--- Extracted data ---
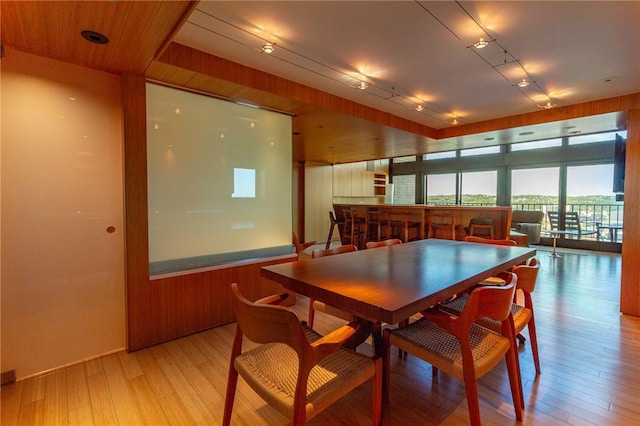 dining area with light wood finished floors and a bar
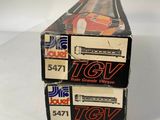 two boxes of toy cars are stacked on top of each other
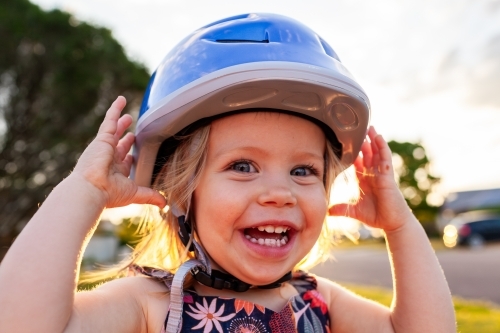 Happy delighted toddler girl wearing bike helmet for riding outside - Australian Stock Image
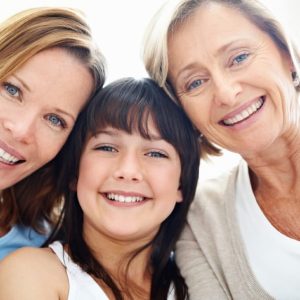 womancare Closeup portrait of grandmother with daughter and granddaughter sitting and smiling - Indoors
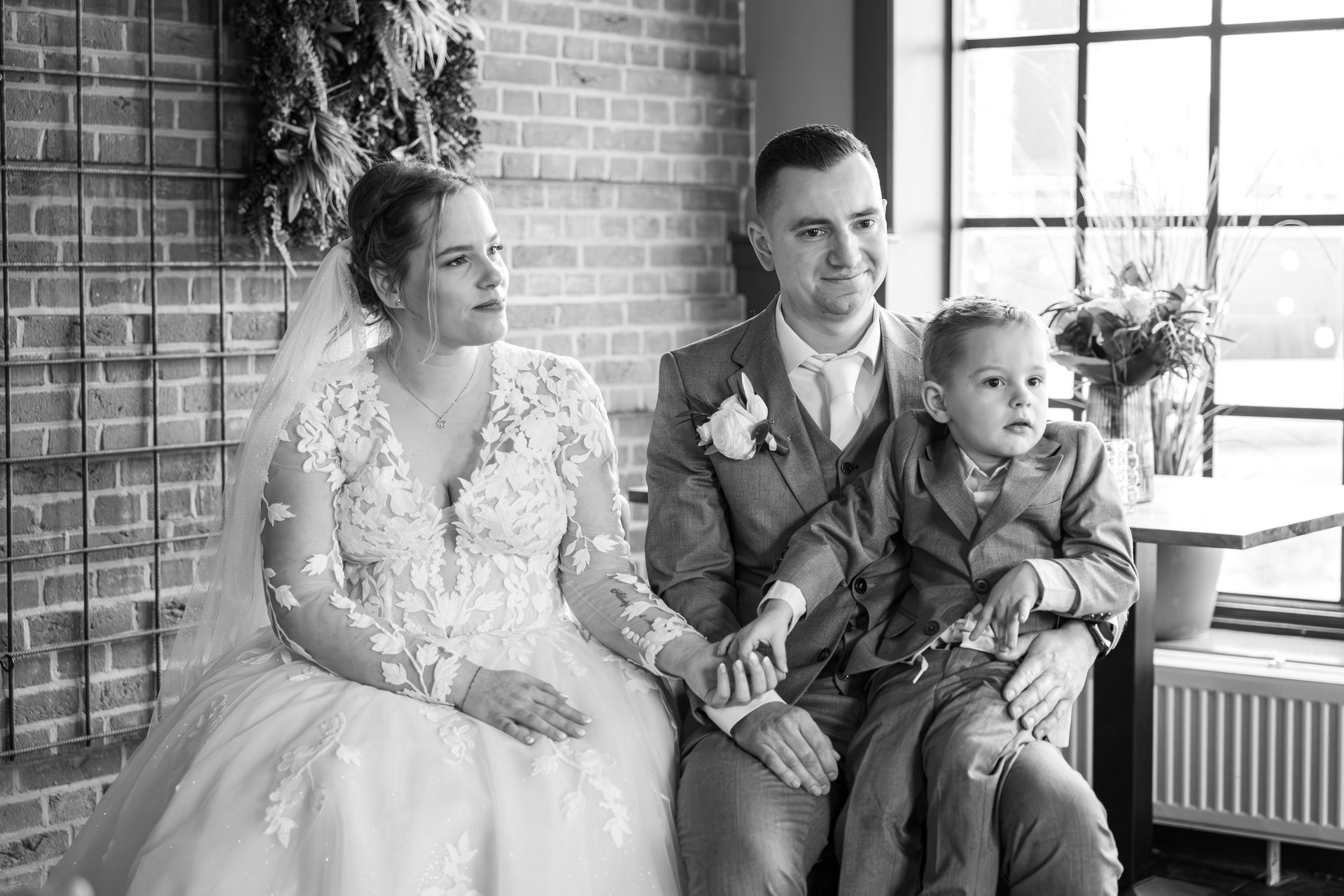 Zwart-wit trouwportret van een bruidsstel die bij een raam zitten, lachend en hand in hand. Bruidsfotograaf. Bruiloft foto's.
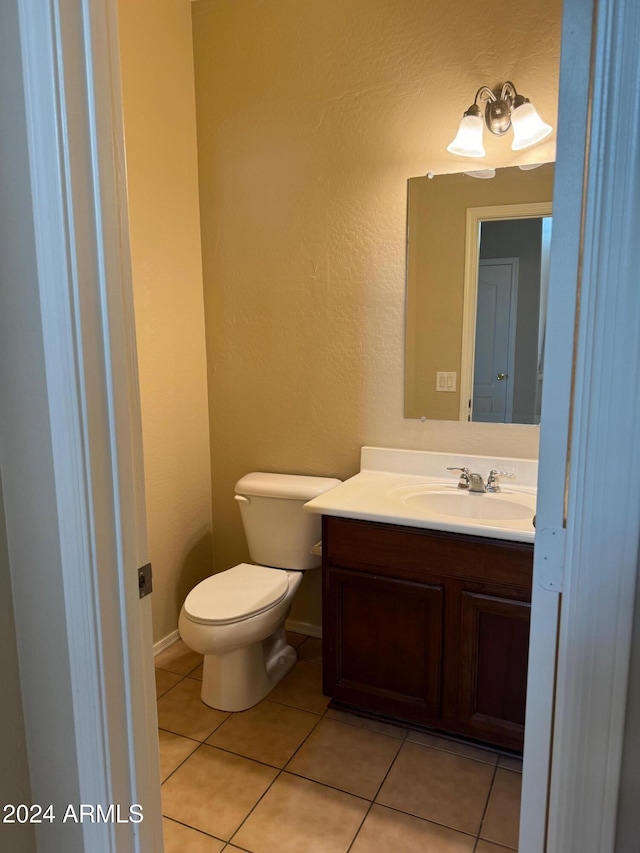 bathroom with tile patterned flooring, vanity, and toilet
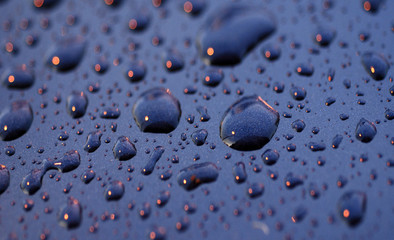 water droplets and light on the car surface
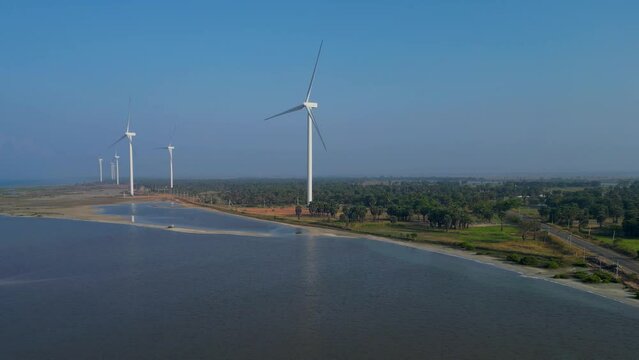 Aerial footage of a windmill by the sea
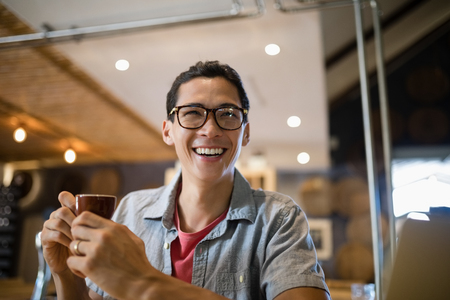Smiling man having coffee in restaurantの写真素材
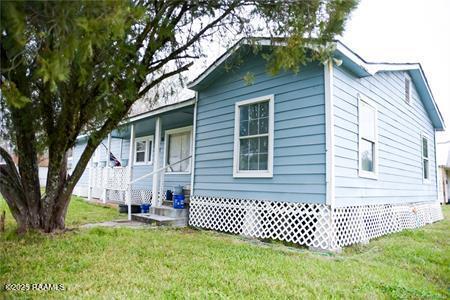 exterior space with a front lawn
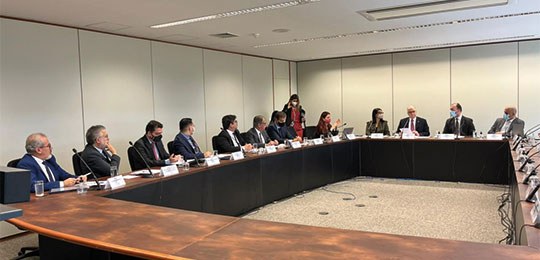 Presidente do TRE-PR apresenta as principais iniciativas da Justiça Eleitoral do Paraná ao Ministro Edson Fachin Fotografia de uma sala, com uma mesa redonda ao centro e várias pessoas sentadas ao redor dela.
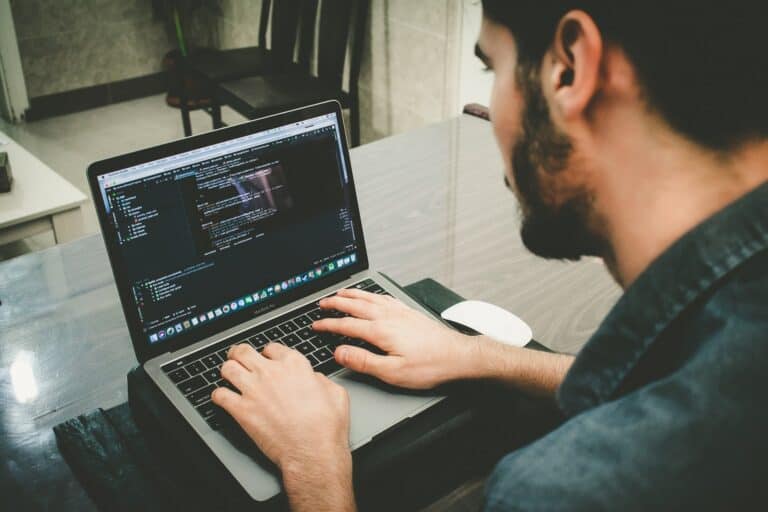 Developer coding on a laptop with programming code visible on screen.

--- Work instruction ---
Each record above is to be restated exactly, with its pictures removed from the copy.

--- Task answer ---
 dining area with light wood finished floors and a bar
 two boxes of toy cars are stacked on top of each other
 Happy delighted toddler girl wearing bike helmet for riding outside - Australian Stock Image
 womancare Closeup portrait of grandmother with daughter and granddaughter sitting and smiling - Indoors
 Zwart-wit trouwportret van een bruidsstel die bij een raam zitten, lachend en hand in hand. Bruidsfotograaf. Bruiloft foto's.
 bathroom with tile patterned flooring, vanity, and toilet
 water droplets and light on the car surface
 Aerial footage of a windmill by the sea
Smiling man having coffee in restaurantの写真素材
 exterior space with a front lawn
 Presidente do TRE-PR apresenta as principais iniciativas da Justiça Eleitoral do Paraná ao Ministro Edson Fachin Fotografia de uma sala, com uma mesa redonda ao centro e várias pessoas sentadas ao redor dela.
 Developer coding on a laptop with programming code visible on screen.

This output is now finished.